Begin at the line that has "Spathoglottis pacifica", stop after the line that has "Brittany, France, Calluna", and print exactly those lines from the records below, without any pictures.

(Input material begins)

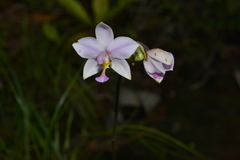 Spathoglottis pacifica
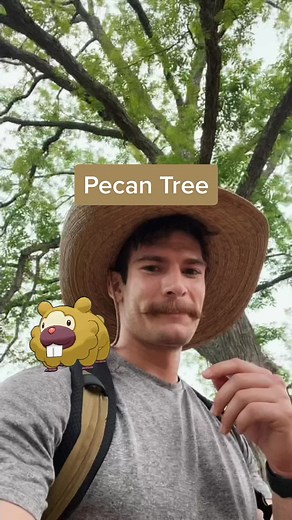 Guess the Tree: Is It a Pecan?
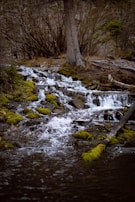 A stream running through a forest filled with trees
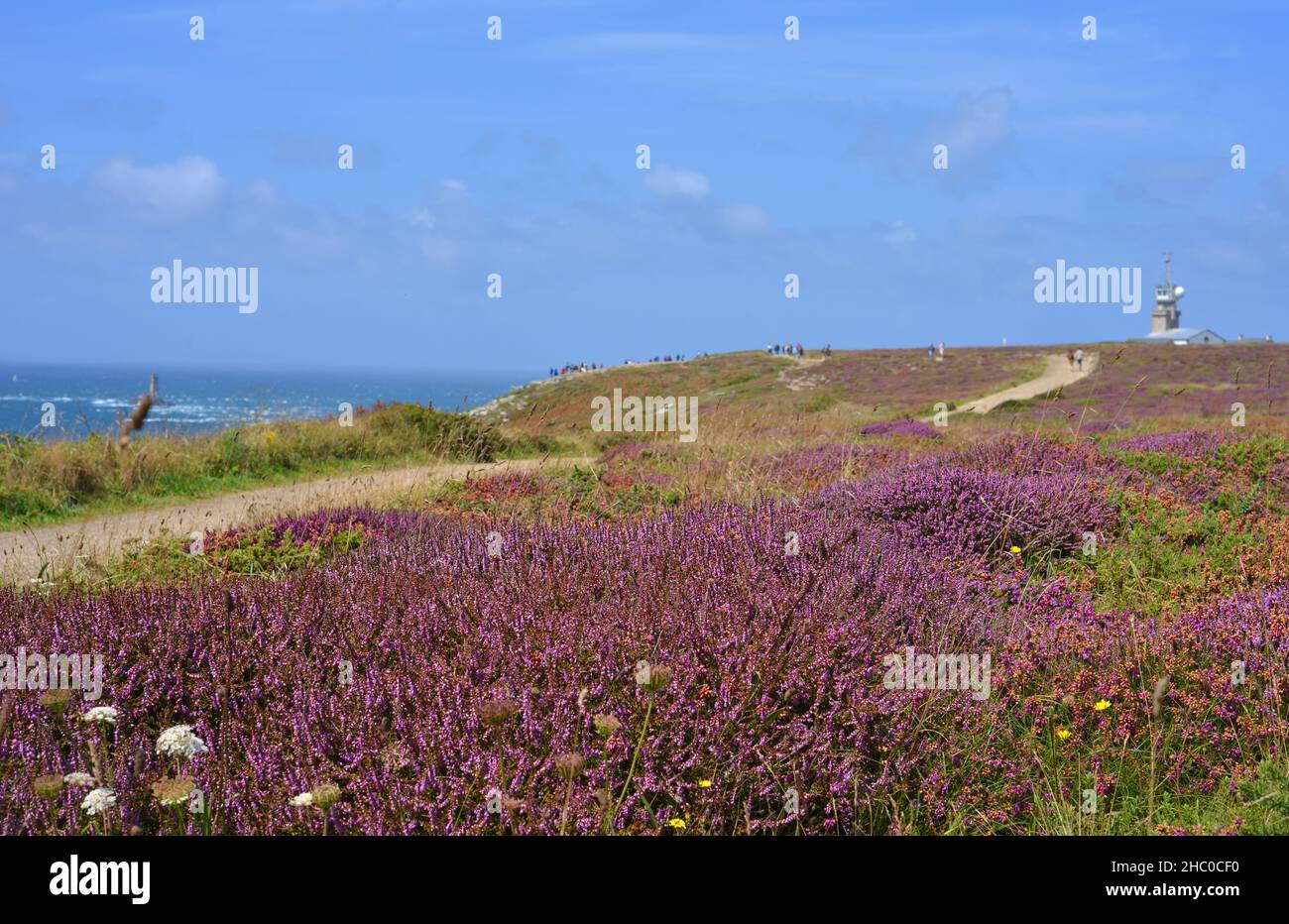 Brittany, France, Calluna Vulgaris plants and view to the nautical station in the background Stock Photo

(Input material ends)
(Input material begins)

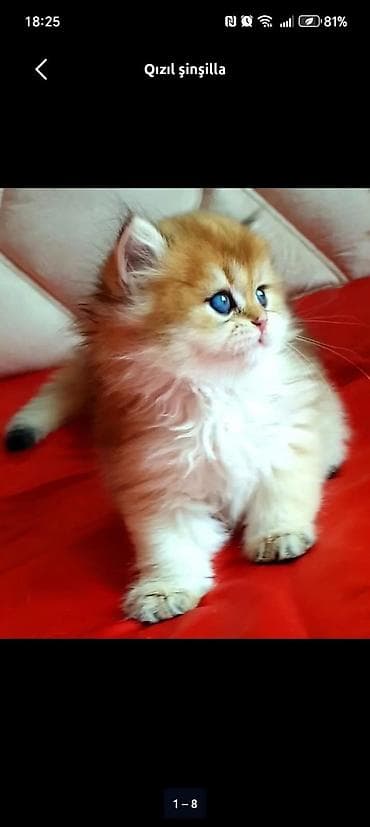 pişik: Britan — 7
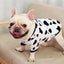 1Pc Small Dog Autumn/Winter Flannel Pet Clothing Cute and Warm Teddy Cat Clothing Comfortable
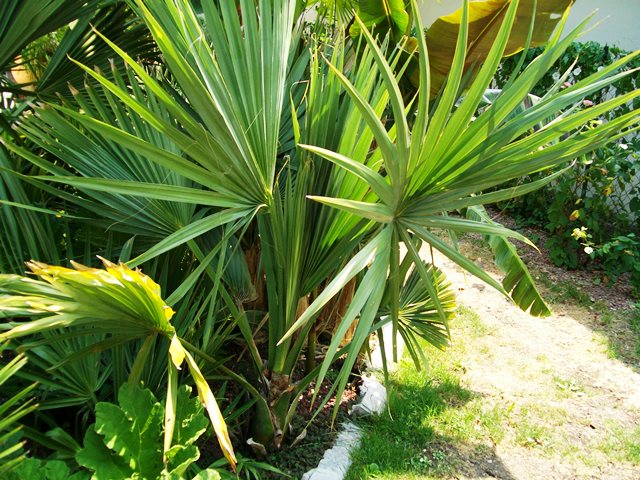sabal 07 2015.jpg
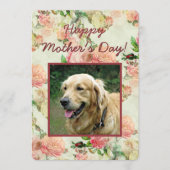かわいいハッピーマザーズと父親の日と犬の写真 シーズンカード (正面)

(Input material ends)

Solution for this exercise =>
 Spathoglottis pacifica
 Guess the Tree: Is It a Pecan?
 A stream running through a forest filled with trees
 Brittany, France, Calluna Vulgaris plants and view to the nautical station in the background Stock Photo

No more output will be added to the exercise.